Questions regarding the idea of responsible government (that the government is responsible to the House and not directly to the people), the discretionary power of the Governor General, and the ability for a coalition to hold the confidence of the House should give political scientists much to chew on in the coming years.
I say should, because there is evidence to suggest that Canadian political science might not be equipped to give such monumental events the attention and rigour they deserve.
Last year, the University of Saskatchewan`s David E. Smith published The People`s House of Commons. In his review of literature in the field, Smith noted that Parliament is not an area that holds all that much interest for scholars of Canadian politics:
[I]n the 1990s, the Canadian Journal of Political Science published nine articles that include in their title the word Parliament or the name of any one of its three parts; between 1991 and 2001, the program, of the annual meeting of the Canadian Political Science Association listed on average fewer than one session (similarly defined) per year in its ‘Canadian’ section. The categorization is disputable since some papers in the same section deal, for example with political parties and party discipline. Still Such professional incuriousity deserves notice, especially when placed alongside frequent presentations each year in the public policy and public law section of the program (on such subjects as the charter, the judiciary, the courts and policy making).
To add to Smith’s analysis, since 2000 the Canadian Journal of Political Science has, as in the 1990s, published only nine articles (by my count) that deal directly with Canadian Parliament. Seven of these have been book reviews. The journal is often dominated by the study of rights, identity politics, with a smattering of papers on public policy and electoral politics.
There is, as Smith notes, the Canadian Parliamentary Review, a publication with contributions from parliamentarians, non-academic researchers as well as political scientists, but it is not a properly academic publication.

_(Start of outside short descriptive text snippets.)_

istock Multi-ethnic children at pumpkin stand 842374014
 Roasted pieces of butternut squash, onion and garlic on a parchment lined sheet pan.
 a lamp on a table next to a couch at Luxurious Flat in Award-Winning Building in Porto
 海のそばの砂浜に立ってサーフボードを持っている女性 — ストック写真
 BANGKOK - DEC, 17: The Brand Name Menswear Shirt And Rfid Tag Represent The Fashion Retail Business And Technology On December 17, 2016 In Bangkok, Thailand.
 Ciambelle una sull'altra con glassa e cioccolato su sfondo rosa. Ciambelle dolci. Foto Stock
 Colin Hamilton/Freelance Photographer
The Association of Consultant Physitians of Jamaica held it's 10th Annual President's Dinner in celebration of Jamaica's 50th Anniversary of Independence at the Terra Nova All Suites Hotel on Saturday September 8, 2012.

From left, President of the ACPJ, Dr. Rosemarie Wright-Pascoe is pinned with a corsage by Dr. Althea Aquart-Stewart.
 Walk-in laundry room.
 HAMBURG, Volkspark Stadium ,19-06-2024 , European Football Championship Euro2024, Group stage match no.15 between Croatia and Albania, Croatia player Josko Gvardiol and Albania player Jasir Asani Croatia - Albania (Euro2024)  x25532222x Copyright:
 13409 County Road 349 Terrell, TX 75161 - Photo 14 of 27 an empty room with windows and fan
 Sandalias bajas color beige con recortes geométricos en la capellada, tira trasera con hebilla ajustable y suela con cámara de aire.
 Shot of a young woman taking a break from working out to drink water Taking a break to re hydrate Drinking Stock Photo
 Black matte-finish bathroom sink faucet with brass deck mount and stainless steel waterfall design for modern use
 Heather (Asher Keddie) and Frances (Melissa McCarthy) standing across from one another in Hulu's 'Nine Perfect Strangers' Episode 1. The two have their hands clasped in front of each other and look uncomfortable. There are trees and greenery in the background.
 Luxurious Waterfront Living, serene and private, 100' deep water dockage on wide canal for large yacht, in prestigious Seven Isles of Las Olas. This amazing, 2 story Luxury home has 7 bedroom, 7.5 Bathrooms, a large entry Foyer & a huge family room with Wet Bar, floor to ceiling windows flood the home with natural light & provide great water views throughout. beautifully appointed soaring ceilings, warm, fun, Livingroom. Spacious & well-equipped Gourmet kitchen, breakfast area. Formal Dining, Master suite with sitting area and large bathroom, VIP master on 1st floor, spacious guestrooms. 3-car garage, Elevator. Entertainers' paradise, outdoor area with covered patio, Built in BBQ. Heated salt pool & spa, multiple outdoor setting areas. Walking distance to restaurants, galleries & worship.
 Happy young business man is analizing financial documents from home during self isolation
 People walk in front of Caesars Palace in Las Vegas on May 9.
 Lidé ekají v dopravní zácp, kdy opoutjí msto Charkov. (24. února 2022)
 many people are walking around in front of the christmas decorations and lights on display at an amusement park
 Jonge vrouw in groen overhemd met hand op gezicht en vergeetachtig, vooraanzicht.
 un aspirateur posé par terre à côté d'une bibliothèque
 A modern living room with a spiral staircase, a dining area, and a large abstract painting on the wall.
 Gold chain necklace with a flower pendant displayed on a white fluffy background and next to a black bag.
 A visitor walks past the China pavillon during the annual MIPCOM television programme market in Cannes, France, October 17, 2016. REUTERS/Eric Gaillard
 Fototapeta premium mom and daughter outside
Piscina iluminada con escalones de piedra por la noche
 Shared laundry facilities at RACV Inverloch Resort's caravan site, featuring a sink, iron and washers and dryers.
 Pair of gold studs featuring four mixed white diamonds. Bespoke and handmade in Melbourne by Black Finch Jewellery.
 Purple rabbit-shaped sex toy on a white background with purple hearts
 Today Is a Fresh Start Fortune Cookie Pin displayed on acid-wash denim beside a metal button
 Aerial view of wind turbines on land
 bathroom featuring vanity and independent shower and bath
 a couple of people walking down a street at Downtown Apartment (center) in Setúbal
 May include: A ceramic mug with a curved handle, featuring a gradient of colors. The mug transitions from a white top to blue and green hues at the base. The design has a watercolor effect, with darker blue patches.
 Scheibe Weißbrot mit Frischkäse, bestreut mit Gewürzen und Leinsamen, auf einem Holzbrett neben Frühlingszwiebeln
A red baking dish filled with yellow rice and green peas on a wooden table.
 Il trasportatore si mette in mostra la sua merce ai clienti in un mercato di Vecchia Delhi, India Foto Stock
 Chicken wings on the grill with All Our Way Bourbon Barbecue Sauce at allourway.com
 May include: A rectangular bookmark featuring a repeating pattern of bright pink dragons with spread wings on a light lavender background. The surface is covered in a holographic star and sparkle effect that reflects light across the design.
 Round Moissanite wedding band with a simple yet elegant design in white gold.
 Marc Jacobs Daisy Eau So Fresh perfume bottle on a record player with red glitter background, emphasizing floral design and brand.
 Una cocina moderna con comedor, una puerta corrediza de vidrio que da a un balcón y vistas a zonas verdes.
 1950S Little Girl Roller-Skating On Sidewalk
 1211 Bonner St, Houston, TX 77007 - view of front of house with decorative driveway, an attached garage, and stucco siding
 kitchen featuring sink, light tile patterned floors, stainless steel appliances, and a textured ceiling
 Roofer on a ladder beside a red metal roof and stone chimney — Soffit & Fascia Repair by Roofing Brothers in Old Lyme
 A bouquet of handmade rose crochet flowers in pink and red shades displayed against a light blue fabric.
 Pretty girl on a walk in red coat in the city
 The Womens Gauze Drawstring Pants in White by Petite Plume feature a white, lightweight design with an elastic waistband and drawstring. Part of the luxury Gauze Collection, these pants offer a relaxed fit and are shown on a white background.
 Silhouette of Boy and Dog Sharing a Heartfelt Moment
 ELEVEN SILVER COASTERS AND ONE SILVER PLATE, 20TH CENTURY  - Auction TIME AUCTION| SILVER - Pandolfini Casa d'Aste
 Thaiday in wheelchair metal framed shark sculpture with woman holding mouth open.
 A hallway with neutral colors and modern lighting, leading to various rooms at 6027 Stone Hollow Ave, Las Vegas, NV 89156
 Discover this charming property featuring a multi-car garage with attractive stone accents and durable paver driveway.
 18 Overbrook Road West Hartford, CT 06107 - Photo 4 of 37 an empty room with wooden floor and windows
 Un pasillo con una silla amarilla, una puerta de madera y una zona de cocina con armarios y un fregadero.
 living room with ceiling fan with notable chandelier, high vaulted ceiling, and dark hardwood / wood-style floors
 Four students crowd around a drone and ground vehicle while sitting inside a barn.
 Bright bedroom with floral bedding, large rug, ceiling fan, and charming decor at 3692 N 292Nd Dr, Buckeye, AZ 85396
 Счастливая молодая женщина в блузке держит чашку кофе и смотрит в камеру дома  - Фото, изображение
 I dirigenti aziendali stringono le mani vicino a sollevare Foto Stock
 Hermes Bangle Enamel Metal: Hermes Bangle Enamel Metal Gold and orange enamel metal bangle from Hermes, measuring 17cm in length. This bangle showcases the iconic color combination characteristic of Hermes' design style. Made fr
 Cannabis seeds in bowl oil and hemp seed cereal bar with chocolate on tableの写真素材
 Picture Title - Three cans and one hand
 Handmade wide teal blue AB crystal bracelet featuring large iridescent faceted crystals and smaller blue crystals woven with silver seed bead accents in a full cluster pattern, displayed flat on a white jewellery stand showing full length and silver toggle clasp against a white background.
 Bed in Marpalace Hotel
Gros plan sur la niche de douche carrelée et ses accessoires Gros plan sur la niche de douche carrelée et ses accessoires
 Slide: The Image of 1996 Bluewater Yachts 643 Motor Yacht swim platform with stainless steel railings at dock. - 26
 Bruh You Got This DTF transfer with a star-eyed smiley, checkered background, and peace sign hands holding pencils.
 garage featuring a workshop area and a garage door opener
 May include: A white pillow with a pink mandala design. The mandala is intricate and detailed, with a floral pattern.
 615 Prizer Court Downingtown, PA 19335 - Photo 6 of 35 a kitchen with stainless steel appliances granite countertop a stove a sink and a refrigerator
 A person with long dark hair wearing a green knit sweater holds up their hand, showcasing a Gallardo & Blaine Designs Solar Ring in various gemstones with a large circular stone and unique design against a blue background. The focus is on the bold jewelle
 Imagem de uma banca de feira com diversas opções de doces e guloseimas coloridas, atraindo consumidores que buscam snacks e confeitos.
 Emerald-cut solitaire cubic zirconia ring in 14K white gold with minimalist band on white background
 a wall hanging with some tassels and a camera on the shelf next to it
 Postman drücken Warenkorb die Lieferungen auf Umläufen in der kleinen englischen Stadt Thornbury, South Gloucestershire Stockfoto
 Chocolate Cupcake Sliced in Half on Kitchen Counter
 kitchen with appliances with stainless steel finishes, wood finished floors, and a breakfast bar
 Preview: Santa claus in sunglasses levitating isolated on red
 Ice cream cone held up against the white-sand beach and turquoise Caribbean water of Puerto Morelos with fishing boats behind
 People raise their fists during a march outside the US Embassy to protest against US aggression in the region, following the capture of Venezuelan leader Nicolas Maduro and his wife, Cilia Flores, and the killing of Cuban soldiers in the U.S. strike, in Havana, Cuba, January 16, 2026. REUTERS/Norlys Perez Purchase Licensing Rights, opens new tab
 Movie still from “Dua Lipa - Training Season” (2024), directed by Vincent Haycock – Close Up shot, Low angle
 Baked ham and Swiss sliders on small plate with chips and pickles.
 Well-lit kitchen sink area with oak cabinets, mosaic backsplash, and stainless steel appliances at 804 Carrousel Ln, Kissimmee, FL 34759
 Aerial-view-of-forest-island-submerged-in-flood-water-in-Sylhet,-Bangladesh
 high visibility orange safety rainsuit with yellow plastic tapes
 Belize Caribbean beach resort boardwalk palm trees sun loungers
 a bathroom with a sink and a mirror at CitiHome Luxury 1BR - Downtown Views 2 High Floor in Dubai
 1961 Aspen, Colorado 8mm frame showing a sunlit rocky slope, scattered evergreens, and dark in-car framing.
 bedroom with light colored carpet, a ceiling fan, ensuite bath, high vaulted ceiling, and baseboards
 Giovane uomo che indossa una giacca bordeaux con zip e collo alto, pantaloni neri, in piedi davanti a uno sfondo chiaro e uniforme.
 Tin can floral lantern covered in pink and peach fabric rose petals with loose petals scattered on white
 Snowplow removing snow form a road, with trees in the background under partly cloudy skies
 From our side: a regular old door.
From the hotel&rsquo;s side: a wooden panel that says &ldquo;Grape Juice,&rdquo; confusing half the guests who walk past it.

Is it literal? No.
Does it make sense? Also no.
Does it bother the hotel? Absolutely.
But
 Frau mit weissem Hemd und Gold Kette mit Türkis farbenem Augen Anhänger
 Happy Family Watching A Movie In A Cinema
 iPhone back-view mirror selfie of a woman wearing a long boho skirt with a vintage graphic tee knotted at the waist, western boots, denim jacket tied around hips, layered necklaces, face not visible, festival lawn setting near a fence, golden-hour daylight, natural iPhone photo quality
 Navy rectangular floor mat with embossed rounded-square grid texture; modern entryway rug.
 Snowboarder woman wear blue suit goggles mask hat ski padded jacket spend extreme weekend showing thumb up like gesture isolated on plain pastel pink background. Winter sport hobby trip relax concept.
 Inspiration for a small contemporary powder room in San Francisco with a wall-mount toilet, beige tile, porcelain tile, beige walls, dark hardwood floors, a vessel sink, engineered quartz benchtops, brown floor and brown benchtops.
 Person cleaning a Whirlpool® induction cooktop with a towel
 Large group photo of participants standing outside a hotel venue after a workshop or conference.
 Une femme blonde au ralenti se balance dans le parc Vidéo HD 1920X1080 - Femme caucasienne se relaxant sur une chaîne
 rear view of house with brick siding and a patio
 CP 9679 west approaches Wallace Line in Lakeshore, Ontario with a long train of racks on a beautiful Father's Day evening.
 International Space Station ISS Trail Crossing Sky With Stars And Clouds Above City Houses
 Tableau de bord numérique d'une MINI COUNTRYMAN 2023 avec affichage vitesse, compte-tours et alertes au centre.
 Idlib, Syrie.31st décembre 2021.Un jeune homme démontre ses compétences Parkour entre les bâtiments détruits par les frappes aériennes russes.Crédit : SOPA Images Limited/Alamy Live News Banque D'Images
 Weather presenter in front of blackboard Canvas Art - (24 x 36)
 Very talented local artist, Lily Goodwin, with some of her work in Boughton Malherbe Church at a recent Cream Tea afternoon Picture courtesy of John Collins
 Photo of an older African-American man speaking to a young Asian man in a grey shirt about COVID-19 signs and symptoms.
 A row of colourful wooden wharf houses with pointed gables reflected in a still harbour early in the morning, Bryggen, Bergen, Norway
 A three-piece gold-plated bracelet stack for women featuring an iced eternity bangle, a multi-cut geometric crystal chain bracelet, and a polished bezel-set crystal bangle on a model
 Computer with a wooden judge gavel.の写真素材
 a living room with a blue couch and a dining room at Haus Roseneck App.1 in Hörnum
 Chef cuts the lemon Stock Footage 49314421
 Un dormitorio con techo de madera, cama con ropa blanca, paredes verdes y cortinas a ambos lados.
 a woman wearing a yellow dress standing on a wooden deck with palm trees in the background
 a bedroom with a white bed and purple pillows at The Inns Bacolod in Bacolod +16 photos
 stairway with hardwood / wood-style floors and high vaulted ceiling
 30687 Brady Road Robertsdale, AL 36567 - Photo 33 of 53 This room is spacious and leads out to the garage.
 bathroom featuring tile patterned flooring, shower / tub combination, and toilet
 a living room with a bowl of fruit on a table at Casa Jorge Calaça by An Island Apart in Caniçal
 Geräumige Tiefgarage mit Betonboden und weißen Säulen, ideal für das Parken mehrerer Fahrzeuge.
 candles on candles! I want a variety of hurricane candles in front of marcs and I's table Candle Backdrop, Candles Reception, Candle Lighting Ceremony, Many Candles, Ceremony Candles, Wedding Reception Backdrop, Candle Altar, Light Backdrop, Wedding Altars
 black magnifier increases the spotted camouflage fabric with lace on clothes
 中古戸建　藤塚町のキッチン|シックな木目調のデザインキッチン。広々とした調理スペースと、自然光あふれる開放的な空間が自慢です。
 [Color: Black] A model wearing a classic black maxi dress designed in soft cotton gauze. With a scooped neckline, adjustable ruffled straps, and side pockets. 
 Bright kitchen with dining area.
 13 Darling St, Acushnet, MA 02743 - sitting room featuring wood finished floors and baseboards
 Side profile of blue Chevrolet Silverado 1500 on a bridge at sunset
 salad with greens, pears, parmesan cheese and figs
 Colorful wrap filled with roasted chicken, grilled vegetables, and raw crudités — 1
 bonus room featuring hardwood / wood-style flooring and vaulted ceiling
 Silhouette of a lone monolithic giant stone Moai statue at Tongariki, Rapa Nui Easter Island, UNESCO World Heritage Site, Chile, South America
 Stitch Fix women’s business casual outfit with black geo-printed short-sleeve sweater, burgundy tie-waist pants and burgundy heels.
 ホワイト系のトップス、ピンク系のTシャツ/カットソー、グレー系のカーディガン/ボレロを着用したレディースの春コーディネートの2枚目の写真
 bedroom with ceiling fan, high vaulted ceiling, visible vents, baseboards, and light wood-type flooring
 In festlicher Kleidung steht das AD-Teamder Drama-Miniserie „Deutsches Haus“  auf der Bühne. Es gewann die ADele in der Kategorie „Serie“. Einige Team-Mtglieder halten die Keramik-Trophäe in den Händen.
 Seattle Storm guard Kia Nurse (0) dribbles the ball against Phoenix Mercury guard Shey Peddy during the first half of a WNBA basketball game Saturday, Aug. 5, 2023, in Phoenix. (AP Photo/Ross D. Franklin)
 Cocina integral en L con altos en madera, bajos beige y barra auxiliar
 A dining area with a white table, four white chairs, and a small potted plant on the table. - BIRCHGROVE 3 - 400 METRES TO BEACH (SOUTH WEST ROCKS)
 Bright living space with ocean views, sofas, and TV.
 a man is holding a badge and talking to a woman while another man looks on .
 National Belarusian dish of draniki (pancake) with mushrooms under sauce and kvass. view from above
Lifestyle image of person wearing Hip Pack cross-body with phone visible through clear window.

Its articles do not advance scholarship in the same way that traditional organs of scholarship do, and do not appear to be peer reviewed or to hold the same level of rigour. There is also the Canadian Study of Parliament Group, but again, this is not a strictly academic organization.
This is not to say that the study of the House, the Senate and the Crown, outside the Ivory Tower is not worthwhile, as it absolutely is, but rather, to highlight what Smith calls a “disciplinary unconcern” among Canadian political scientists. For Smith, the study of our of national legislative process has “migrated from academic departments.”
As it stands, the academic study of Parliament is dominated by a handful of scholars. In addition to Smith, only C.E.S Franks of Queen’s has published a comprehensive study of Parliament in (relatively) recent years with his 1987 The Parliament of Canada.
Franks shows us that hyper partisanship when it comes to, for example, the emasculation of backbench MPs, is not an invention of Jean Chrétien, as it is sometimes assumed in the media, but a convention that dates back to 1872. Nor does it make any historical sense to speak of the House returning to civility. It has never been civil.
Others with an ongoing interest in this particular subfield of Canadian politics include Donald J. Savoie of the Université de Moncton and David Docherty of Wilfrid Laurier University. There are others, but the paucity of publications dealing with Parliament in Canada’s main political science journal suggests that they are few and far between.
Perhaps current events will spark interest in Canada’s Parliamentary tradition, and our professors will rise to the challenge. It would be a shame if one of Canada’s most important political institutions (if not the most important institution) continues to be under-studied.